Home Writing Your Startup’s Privacy Policy

Writing Your Startup’s Privacy Policy

Despite claims that the age of privacy is over, many Internet users continue to have privacy concerns, particularly as more and more of our personal data is stored and shared online.

Having a privacy policy for your startup is important then in terms of meeting the legal requirements for protecting your customers’ personal information. But it’s also important in terms of building trust of people who use your products and services. And while, granted, not everyone is going to click on the link to read your privacy policy, that doesn’t mean you can avoid addressing this topic. And in fact, how you address privacy issues might be a way that sets your startup apart from your competitors.

A privacy policy does not need to be a lengthy, jargon-filled legal document (although you might want legal counsel in drafting it). While Microsoft’s privacy policy clocks in at around 4000 words and Google’s contains around 1800, the search engine DuckDuckGo posted its privacy policy today: clear, concise, and 10 words. “By default, DuckDuckGo does not collect or share personal information.”

The bulk of DuckDuckGo’s privacy page addresses “why you should care” and explains the ways in which other search engines track and store your information. It’s an important distinction for DuckDuckGo as the startup positions itself as a search engine that not only delivers less spam- and ad-filled results, but that protects the privacy of its users’ searches.

The privacy policy that your startup drafts will vary depending on your business, the kinds of data you capture, and your intentions for it.

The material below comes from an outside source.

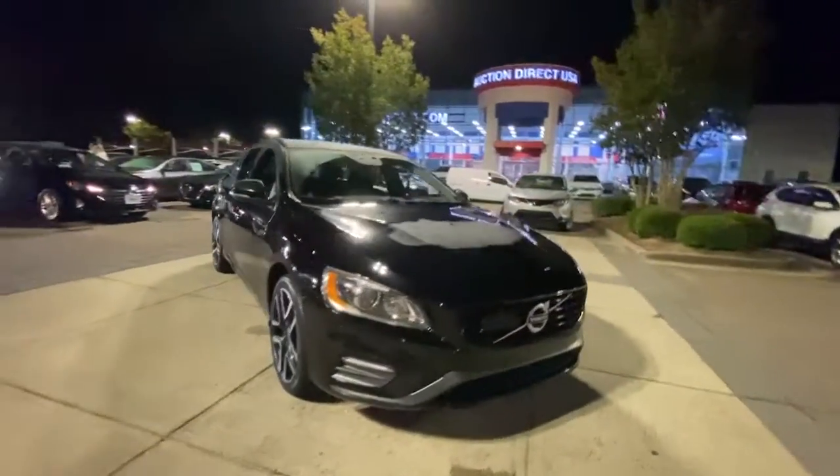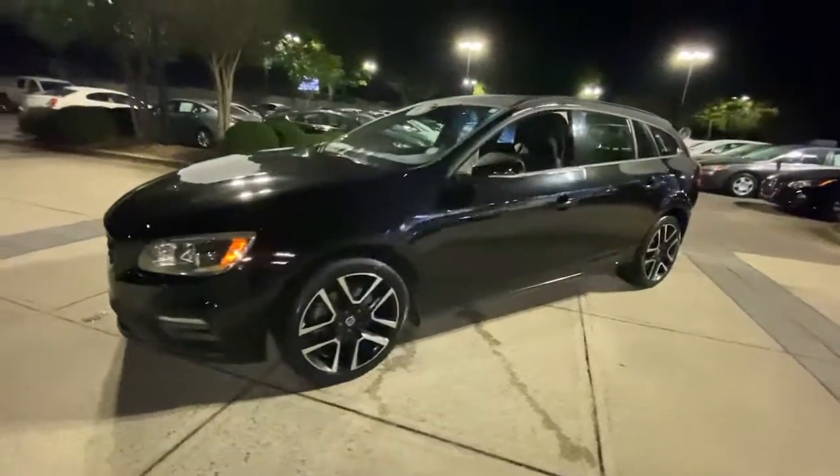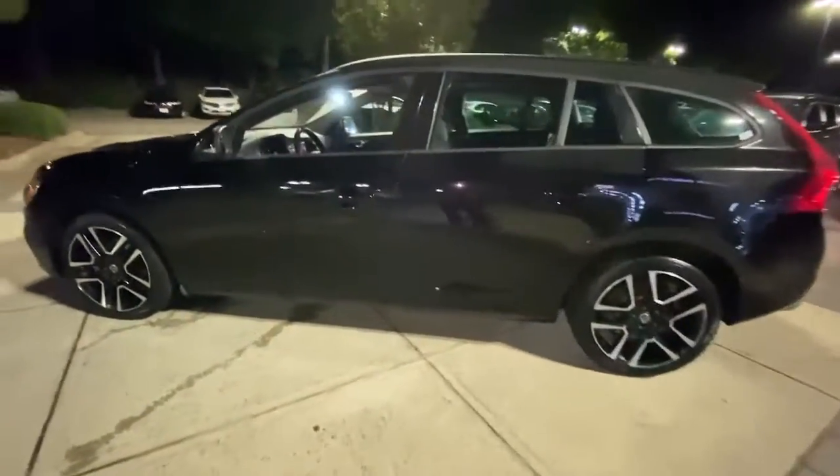Hop into the 2018 Volvo V60. With less than 100,000 miles on the odometer, this vehicle provides excellent value.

But in general, here are some things your privacy policy should address:

1. What information do you collect?

2. How do you collect the information?

3. How do you use the information?

4. What control do users have over their personal data?

5. How do you protect users’ information?

DuckDuckGo founder Gabriel Weinberg contends that “too many startups copy and paste the longest one they can find because they want to cover all the bases. I think a better approach is to speak in readable English directly to your users. If you are storing information, just explain why.” Being transparent will go a long way towards building your users’ trust – and hopefully, their business.